A couple of days ago our church staff gathered for worship in the Chapel, as we do every Tuesday. Rev Tim Morrison gave the message, based on 1 Thessalonians 5:8-28. He began the message by asking us to mention specific moments that touched us in our faith journeys: a sermon, a work of music, a teacher or lesson, a time we received care from another. As I thought about impactful sermons on my life (there have been several), one sentence echoed in my ears:

"I'm not leaving until we get it right."



This sentence was spoken by Bishop Alfred Norris (this link is for the bio and picture only; the sermon podcast is a different message from the one I am referencing in this post) at the opening worship service of the Texas Annual Conference several years ago. Bishop Norris ordained me an Elder in 2001. I remember listening to this sermon several times while cleaning the garage one day (don't ask)-- I had bought it on cassette tape. In the sermon he talked about a conversation he had with a lay person. The man was remembering the "good old days" of the Methodist Church, before the 1968 merger. Here's a little history for non-Methodist folk: Our denomination split over the issue of slavery in the 1850s: North and South (that's why SMU, founded in 1911, is called Southern Methodist University). In 1939, those two Methodist denominations merged to form the Methodist Church.

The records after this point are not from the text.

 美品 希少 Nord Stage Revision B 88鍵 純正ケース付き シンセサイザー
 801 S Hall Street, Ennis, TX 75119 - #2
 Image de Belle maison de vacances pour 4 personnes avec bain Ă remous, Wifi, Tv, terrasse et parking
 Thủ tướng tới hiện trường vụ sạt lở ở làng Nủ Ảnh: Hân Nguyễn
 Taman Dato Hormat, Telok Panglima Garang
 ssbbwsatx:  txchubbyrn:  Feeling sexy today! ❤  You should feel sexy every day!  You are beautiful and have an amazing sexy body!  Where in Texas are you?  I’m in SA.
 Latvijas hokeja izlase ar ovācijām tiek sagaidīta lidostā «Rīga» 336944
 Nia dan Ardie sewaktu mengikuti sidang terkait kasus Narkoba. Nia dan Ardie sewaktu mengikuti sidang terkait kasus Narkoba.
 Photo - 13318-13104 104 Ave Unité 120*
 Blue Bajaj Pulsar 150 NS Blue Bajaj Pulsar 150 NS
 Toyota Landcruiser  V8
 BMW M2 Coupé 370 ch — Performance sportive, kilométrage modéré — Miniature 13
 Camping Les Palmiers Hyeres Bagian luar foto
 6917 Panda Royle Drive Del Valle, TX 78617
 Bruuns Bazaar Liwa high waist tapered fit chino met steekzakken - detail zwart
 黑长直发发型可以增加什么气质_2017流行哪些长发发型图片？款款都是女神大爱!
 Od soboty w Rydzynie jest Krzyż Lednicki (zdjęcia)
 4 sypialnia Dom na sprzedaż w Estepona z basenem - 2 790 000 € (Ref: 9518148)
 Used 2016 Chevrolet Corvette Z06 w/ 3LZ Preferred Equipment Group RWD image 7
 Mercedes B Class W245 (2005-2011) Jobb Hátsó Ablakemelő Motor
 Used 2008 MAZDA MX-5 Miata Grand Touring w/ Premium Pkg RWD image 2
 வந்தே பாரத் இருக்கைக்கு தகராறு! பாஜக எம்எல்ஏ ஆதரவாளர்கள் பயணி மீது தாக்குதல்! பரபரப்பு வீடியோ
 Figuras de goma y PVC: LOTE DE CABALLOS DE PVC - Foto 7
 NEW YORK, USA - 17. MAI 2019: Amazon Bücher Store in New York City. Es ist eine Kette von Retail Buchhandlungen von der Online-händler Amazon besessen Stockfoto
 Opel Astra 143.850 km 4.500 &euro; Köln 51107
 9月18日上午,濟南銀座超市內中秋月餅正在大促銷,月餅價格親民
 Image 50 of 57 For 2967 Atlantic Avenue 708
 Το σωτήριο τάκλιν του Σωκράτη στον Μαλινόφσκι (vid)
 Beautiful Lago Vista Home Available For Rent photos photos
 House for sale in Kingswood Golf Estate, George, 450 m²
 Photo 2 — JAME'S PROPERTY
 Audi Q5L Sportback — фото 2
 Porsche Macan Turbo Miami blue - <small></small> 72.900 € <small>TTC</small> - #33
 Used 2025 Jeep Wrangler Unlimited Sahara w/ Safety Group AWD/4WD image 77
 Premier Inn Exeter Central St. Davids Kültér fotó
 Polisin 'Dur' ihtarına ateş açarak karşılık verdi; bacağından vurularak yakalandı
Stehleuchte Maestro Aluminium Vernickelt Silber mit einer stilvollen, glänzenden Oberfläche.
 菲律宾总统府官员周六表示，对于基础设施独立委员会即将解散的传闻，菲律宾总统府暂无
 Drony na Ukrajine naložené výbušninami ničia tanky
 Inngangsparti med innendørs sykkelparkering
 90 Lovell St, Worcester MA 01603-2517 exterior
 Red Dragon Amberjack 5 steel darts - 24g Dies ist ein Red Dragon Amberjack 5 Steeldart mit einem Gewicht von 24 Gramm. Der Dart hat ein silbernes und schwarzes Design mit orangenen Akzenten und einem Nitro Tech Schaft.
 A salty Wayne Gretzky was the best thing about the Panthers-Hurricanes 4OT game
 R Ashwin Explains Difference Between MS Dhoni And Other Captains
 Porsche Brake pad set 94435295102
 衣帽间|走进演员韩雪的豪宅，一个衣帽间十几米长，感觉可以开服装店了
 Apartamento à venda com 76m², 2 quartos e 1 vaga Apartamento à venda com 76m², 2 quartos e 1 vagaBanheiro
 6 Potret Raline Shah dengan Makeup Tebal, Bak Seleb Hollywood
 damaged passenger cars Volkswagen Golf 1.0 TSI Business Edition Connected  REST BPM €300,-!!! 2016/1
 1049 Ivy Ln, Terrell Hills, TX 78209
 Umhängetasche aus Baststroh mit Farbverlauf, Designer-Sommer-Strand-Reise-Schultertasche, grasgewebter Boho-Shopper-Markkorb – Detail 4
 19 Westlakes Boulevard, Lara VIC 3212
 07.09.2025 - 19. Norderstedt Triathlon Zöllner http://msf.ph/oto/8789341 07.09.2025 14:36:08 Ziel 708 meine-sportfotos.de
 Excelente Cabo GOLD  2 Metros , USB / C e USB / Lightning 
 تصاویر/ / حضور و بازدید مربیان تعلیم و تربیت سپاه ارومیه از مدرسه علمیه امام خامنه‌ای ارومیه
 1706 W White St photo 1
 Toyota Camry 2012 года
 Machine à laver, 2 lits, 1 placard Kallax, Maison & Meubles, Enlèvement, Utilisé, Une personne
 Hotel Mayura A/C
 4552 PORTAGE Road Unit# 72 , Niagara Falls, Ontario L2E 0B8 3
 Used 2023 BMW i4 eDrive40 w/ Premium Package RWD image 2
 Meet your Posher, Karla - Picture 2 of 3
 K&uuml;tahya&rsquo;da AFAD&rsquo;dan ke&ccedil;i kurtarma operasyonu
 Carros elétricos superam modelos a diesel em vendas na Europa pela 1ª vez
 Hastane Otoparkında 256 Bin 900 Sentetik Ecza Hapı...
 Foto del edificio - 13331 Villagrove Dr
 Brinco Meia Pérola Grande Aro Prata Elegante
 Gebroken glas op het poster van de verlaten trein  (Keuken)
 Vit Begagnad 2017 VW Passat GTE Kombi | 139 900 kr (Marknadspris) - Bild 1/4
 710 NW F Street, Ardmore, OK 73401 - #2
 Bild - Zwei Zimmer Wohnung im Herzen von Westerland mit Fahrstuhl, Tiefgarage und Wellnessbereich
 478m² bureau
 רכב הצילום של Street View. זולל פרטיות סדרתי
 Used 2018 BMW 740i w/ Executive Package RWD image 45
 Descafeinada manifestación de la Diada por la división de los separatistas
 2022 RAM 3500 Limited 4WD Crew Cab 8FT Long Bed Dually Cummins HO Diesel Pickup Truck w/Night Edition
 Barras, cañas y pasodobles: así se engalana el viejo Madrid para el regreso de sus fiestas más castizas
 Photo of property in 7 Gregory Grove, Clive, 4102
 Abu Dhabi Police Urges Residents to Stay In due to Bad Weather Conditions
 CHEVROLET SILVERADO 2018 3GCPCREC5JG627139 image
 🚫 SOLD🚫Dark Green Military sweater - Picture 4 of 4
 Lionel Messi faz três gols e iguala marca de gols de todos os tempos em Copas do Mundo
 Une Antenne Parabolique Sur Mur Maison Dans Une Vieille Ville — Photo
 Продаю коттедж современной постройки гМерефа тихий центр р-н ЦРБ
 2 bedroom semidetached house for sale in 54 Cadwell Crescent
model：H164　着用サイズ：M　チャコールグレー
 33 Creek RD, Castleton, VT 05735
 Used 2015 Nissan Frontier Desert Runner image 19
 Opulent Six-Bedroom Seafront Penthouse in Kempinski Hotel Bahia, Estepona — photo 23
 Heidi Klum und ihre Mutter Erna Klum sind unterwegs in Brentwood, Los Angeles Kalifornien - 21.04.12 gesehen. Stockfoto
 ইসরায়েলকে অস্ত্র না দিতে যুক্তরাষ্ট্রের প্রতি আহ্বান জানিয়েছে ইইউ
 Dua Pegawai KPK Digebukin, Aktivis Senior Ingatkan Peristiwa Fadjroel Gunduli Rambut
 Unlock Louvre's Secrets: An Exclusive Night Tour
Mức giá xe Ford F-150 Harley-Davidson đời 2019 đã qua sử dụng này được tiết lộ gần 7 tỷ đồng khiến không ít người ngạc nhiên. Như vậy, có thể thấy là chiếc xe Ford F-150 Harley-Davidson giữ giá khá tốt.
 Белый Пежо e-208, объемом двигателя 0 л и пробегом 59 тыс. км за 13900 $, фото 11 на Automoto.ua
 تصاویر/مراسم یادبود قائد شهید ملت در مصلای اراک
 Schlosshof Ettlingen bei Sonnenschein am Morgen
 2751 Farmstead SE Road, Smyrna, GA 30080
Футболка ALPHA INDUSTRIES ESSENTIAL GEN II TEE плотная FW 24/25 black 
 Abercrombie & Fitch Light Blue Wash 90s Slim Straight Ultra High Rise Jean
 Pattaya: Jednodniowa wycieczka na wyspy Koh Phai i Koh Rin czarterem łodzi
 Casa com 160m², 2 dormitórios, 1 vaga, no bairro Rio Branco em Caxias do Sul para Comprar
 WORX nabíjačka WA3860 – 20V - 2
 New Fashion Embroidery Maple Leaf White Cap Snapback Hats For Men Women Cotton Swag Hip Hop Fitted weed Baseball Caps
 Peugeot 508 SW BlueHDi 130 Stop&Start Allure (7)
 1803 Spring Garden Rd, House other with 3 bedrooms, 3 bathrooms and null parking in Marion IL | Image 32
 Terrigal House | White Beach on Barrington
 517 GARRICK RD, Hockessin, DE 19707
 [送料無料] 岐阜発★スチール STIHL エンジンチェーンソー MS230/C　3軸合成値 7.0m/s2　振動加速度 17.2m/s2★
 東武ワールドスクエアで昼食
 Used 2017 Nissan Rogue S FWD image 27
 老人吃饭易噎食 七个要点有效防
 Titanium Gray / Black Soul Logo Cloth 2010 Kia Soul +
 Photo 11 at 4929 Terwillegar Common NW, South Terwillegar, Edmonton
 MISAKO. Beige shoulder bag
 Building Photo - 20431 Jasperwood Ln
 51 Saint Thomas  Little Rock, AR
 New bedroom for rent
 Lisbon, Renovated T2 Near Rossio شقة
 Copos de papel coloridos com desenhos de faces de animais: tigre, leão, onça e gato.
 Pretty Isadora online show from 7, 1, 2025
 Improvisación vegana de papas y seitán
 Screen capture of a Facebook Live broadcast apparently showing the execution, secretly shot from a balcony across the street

WooHoo!

But racism in the church was not finished: as the Methodist Episcopal Churches North and South formed the Methodist Church, African-American United Methodists were forced into the newly-formed Central Jurisdiction. While white Methodists were organized geographically, black Methodists across the country were all organized together. The Central Jurisdiction was all about racism, plain and simple. Well, in 1968, the Methodist Church merged once again with a cousin-like denomination, the Evangelical United Brethren, forming the United Methodist Church. That same year, 1968, the Central Jurisdiction was abolished, and African Americans were once again brought into the fold of the church.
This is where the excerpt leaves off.